Using data to be uncertain

Kyle Kendrick's BABIP in his last 14 starts is .342, after a .272 BABIP in his first 13 starts. Over his career, Kendrick's BABIP is .282, and .279 since the start of the 2012 season (including the last 14 starts). Obviously the first 13 starts are in line with his career BABIP, but as the Phillies consider whether to tender Kendrick a contract, the question is whether the last 14 starts are an aberration from his career mean or a statistically meaningful trend.

Certainly BABIP may veer up or down, but over time, it settles near the mean. However, there are bounds on how far those variations from the mean might be if luck is the explanation. Outside of those bounds, and over time, there may be a trend and luck might not be a satisfying explanation.

In his career, Kendrick has pitched in 191 games, with the mean BABIP of .282 and a standard deviation of .138. With games as the unit of analysis, this suggests that in 95% of Kendrick's games, his BABIP would be somewhere between .262 and .301. Given the fairly large sample size, we wouldn't necessarily expect a BABIP in those bounds for any particular game, but to see a BABIP repeatedly outside of those bounds over a period of time suggests that luck is a bad explanation for the variation.

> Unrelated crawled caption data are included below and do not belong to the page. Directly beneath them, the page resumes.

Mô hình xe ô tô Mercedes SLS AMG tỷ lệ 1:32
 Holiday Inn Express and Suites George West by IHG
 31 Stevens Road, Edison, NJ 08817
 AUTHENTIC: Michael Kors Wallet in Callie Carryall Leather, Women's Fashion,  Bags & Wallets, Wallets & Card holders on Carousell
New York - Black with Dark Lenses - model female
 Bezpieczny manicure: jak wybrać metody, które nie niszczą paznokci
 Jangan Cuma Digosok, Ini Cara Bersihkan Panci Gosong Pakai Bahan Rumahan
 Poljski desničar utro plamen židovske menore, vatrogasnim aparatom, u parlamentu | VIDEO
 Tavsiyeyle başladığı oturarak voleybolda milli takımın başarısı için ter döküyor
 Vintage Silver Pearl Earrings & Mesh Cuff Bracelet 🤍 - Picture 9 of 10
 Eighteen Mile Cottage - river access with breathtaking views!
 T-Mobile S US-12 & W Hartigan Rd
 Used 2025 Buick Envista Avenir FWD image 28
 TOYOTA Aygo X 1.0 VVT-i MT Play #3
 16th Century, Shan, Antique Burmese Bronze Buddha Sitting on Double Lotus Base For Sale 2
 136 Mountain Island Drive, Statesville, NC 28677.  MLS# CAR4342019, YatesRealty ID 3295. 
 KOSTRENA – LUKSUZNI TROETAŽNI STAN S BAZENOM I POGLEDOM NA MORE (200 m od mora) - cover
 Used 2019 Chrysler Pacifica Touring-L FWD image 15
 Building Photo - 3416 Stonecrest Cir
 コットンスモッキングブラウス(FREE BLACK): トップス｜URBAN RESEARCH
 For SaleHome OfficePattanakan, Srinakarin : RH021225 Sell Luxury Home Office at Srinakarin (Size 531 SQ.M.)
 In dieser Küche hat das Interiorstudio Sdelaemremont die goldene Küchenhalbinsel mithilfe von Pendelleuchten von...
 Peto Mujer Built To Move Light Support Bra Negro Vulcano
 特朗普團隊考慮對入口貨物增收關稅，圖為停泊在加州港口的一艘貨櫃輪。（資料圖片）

Kendrick's individual game BABIP bounced around in the first half of 2013, from a low of .105 to a high of .375. In the second half, he's exceed that .375 in seven of 14 starts, and the .375 was itself well outside the expected range. The odds of this happening purely by chance are less than 5%. So something's going on right?

Well, in 5 of those other second half starts, Kendrick's BABIP is below the low bound expectation of BABIP, with little evidence of any trend, except for 3 mid-August starts with BABIPs all above .350. Otherwise, he's pitched to a good BABIP, then a bad one.

So what do the last 14 games point to? A BABIP trend that is extremely unlikely and likely due to "something"? A streak of back luck and nothing more?

This is the challenge for a GM who uses data. The data require interpretation, and could lead to two conclusions, one of which is wrong:

1. Kendrick's BABIP has been so high recently that chance is an unlikely explanation and something is wrong -- he's missing spots, he's hurt, etc.

2. Kendrick's BABIP has been high lately, but it's likely an anomaly and he'll still usually be around .282 which is valuable for a mid-rotation starter.

My two cents -- Selecting the last 14 games is cherry picking a cut-off point. His BABIP this year is .307 and over the past two years, it's .279. In other words, increasing the sample size to include last year's starts shows that his BABIP is right around the career mean. The last 14 starts represent about 7% of his career games and less than 5% of his career starts. The fact that his BABIPs in the past 14 starts have been so far out of his career confidence bounds isn't all that surprising -- we'd expect 5% of his games to be outside the bounds. It's odd that so many of his second half starts have been so much higher than his norm, but there's no reason to think it's anything other than odd at this point. The most likely outcome is that his BABIP will settle in and regress back to that career mean around .285. That said, it is entirely possible that his BABIP will remain generally high and settle to a new, higher mean level.

Data may not lie, but they also can't predict the future. Even a GM who is sophisticated with data deals with significant uncertainty. With his solid health record and age, I'd probably keep him around for another couple of years.